Mortgage brokers are in Congress' sights

From McClatchy newspapers:


WASHINGTON — Mortgage brokers, who originate up to two-thirds of home loans, have exploited their lack of federal regulation to loosen lending standards in ways that sparked today's high mortgage-default rates among borrowers with weak credit.


Hearings before Congress this year made it clear that mortgage brokers and nonbank lenders took advantage of a regulatory gap to make unsound home loans to people with the weakest credit history, preying especially on minorities and the working poor.


Now Congress must decide how best to bring brokers, who originated about 70 percent of so-called sub-prime loans over the past two years, under some form of federal regulation.


The Mortgage Bankers Association, in its latest report, found that during the first three months of this year about 15.75 percent of sub-prime adjustable-rate mortgages were behind on payments by 30 days or more.


That's an all-time high.
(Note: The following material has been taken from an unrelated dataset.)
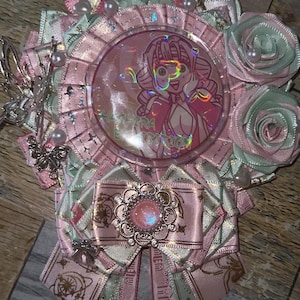 Jade added a photo of their purchase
And the figure is widely expected to grow. Experts predict that 1 in 5 sub-prime adjustable-rate home loans - as many as 1.5 million - will default by the end of next year. More than $2.28 trillion worth of adjustable-rate loans reset from 2007 to 2009.


Mortgage brokers are often the first link in the process of securing a home loan, so many borrowers think the brokers are working for them.


Wrong. No federal law says mortgage brokers have any fiduciary duty to borrowers, and with the exception of California, most states don't stipulate that duty either.